W kościele św. Jana Chrzciciela w Skalbmierzu rozpoczęły się prace przy instalacji niemal stuletnich klasycznych organów, które zostały odrestaurowane.
To instrument średniej wielkości, posiadający 31-głosów. Wybudowała go w 1932 roku firma Stanisława Krukowskiego z Piotrkowa Trybunalskiego. Od tego czasu, był to pierwszy generalny remont instrumentu.
Organmistrz Damian Kaczmarczyk powiedział, że prace polegały na usprawnieniu zdezelowanego w 90 proc. instrumentu. Rozpoczęły się w 2021 roku. Instrument został wtedy całkowicie zdemontowany.
– Renowacji zostało poddanych m.in. ok. 2 tys. piszczałek, zarówno drewnianych jak i metalowych, o różnej wielkości, z czego ok. 300 zostało zrekonstruowanych. Obecnie w kościele trwają prace przygotowawcze do instalacji piszczałek – dodaje organmistrz.
– Następnie musimy im nadać nowe brzmienie. Obecnie jest ono nieskoordynowane. Największym problemem są korniki. Widać ich bytowanie we wszystkich elementach drewnianych. Dlatego musimy zrobić zabieg usuwania drewnojadów specjalnym środkiem chemicznym. Po „majówce” zaczynamy montaż wszystkich elementów pneumatyki, tzw. mieszków skórzanych oraz stołu gry, przy którym siedzi organista – tłumaczy.
Organy znajdują się na chórze drewnianym w zachodniej części kościoła.
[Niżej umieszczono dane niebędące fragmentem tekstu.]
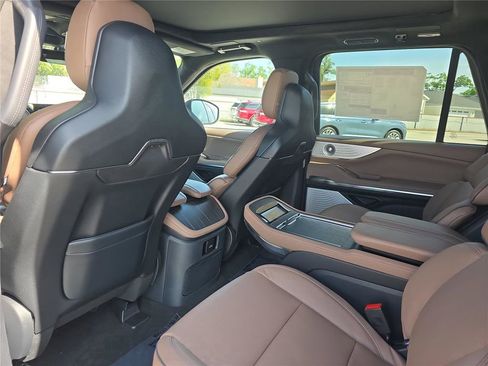 New 2026 Lincoln Navigator L Black Label AWD/4WD image 13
Szafa organowa zbudowana w 1932 roku, usytuowana jest centralnie na osi chóru. Można tam zobaczyć dekorację snycerską, złoconą, w formie kotar o motywach akantowych, wazonów i różnego rodzaju amfor.
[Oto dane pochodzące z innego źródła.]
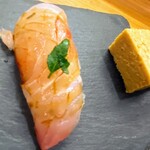 須佐 - 築地風玉子焼き
      鯛の昆布締め握り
Ksiądz Marian Fatyga, proboszcz parafii nie kryje zadowolenia, że organom zostanie przywrócone pełne brzmienie. Zaznaczył, że odgrywają bardzo ważną rolę zarówno jako instrument liturgiczny, jak i podczas koncertów.
– Już dziś zapraszam na koncert, który planujemy 4 czerwca o godzinie 17. Zagra organista Paweł Wróbel z Kielc. Z kolei 11 czerwca prof. Roman Perucki z Akademii Muzycznej z Gdańska wraz z flecistą Łukaszem Długoszem również zaprezentują możliwości naszych organów po remoncie – dodaje.
Wizytacja z 1617 roku wzmiankuje o innych organach w tutejszym kościele. Według inwentarza z 1839 roku, na drewnianym chórze muzycznym znajdowały się wielkie organy z wydzielonym pozytywem o dwóch klawiaturach ręcznych i pedale. W instrumencie brakowało niektórych piszczałek, a sześć miechów wymagało naprawy. Z kolei z 1850 roku pochodzi informacja, że instrument muzyczny miał 23 głosy, w tym osiem w pozytywie oraz dwa bębny. W 1930 roku, planując budowę nowych organów, ówczesny proboszcz zamierzał wybudować nowy murowany chór muzyczny z imitacją pozytywu w balustradzie na wzór dawnych organów. Koncepcji tej nie zrealizowano.
Poświęcenie skalbmierskich organów po remoncie przez biskupa kieleckiego Jana Piotrowskiego nastąpi 24 czerwca o godz. 10.00 podczas parafialnego odpustu.
Remont kosztował ok. 180 tys. zł. Prace sfinansowano ze środków parafii i dzięki darczyńcom.
Ciekawostką jest, że firma Damiana Kaczmarczyka z Mikulczyc, która zajmowała się renowacją skalbmierskich organów, w ciągu ostatnich 30 lat przeprowadziła renowację organów w ponad 200 parafiach na czterech kontynentach. Ponadto, od podstaw wybudowała organy dla jednej z katedr w Panamie.